Battles With Bears
Some days you eat the bear…
And some days the bear eats you.
As I dive ever deeper into producing Gragg chairs, currently two on commission and another for myself with hopes of including this item in The Barn Store in the coming months/years (and even entertaining thoughts about offering a Make A Gragg Chair workshop as soon as the summer/autumn of 2020; first, I have to make one from start to finish in a week myself), I realize all the more how close Gragg was coming to the limits of what can be accomplished with wood as the raw material. Given the extremity of the bends involved, including the main serpentine element with two 90-degree four-inch-radius bends within a foot of each other and a180-degree four-inch-radius bend for the arms, working out the routine is a critical process.
I recall the first time I tried this almost a decade ago on the original Gragg repro prototype, in front of my Smithsonian colleagues no less, I broke every single piece of the ash I took from our prized lumber inventory in the conservation studio. Every. Single. Piece. Not to mention breaking several of the bending form elements which had been woefully under-built. It was not my proudest moment of professional accomplishment but drove me on to get it right.

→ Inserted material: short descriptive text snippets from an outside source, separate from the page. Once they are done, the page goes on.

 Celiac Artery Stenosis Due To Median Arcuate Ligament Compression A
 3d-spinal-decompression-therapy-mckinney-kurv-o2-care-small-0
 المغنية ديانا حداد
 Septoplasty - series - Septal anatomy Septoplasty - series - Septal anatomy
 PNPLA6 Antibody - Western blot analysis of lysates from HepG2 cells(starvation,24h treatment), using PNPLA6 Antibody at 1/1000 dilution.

Even now I test the boundaries, trying riven and sawn kiln-dried oak (at the bottom of the pile in the truck), trying ancient/recycled but possibly air dried oak salvaged from a derelict weaving loom,
trying oak I harvested several years ago but have kept from seasoning fully, first cross-stacked outside and now residing in the basement/first floor of the barn,
and finally using oak I harvested this year. Through it all my batting average kept improving.
I’ve heard my friend Bruce Hoadley tell the story of a small manufacturer who was plagued with broken elements resulting from very tight bends after steaming. The punch line was that after going to watch the definitive practitioner for making the identical items, the manufacturer said with a smile something to the effect of, “He breaks most of them too!”
I encountered the same thing with the Gragg chair elements. Some stock bends like taffy, some breaks like crystal. I am moving more toward the former than the latter, but it is exasperating all the same. At least the failures make good kindling.
Yesterday afternoon my success rate was 92% with only a single stick making it into the failure pile. By observing the character of the pieces being bent, the stresses of the bending itself combined with the addition of bending straps, this is an outcome I can live with.
Still, the pile of kindling grows, just not as fast as in the past.
I am definitely gaining ground on the bears.
You didn’t mention it but did you decrease the thickness of the pieces being bent? Also would it be feasible to do the bending in groups, say half and half and then put those together?
Ralph
As to the first question, the pieces are as thin as I can get them and still have a little meat to finish them by hand after fabrication is complete-ish.
As to the second question, no, laminating thinner pieces would not be the objective I am aiming for. Perhaps at some point when I am playing with/re-interpreting the form. For now I am trying to mimic Gragg as closely as I can derive his working process, with the exception of one area of joinery where I have improved on his methods.
I probably was a bit too negative in part of the post. As I mentioned, my latest bending session had a success rate of over 90% and I am happy with that. I was just trying to reflect on the route that got me to this point. In the near future I will post a blog detailing my exact protocol.
Try fresh green white oak. Ash in any condition seems accommodating. Timing under steam is also critical. Too short, and too long will ruin the results. A west coast kayak builder has done extensive tests in bending wood.
Hi Bruce
All your points ring true, although I have had less luck with ash than I expected. I have some more in stock to try but have not got there yet. I actually find red oak more congenial than white oak. I guess the point of the post was to recount the journey to the point where I have gone from 100% failure to almost 100% success in the bending sessions. Soon I will revisit the details of my regimen.
Hah! When you are always successful, what will your students think if they are not? You could plant a flawed piece and “crack” their attention, making failure acceptable in the learning process.
I can see the attraction of the Gragg chair. It grabbed me the first time I saw you post it.
Perhaps I should simply save some of the failures and hang them on the wall instead of burning them in the wood stove. It would make for an interesting didactic to have successful and unsuccessful pieces side-by-side.
I know it’s not “the old way”, but perhaps this would improve your success rate:
http://www.puretimber.com
That’s why the Seward House in Auburn, NY has bars on the basement windows. To keep the bears out.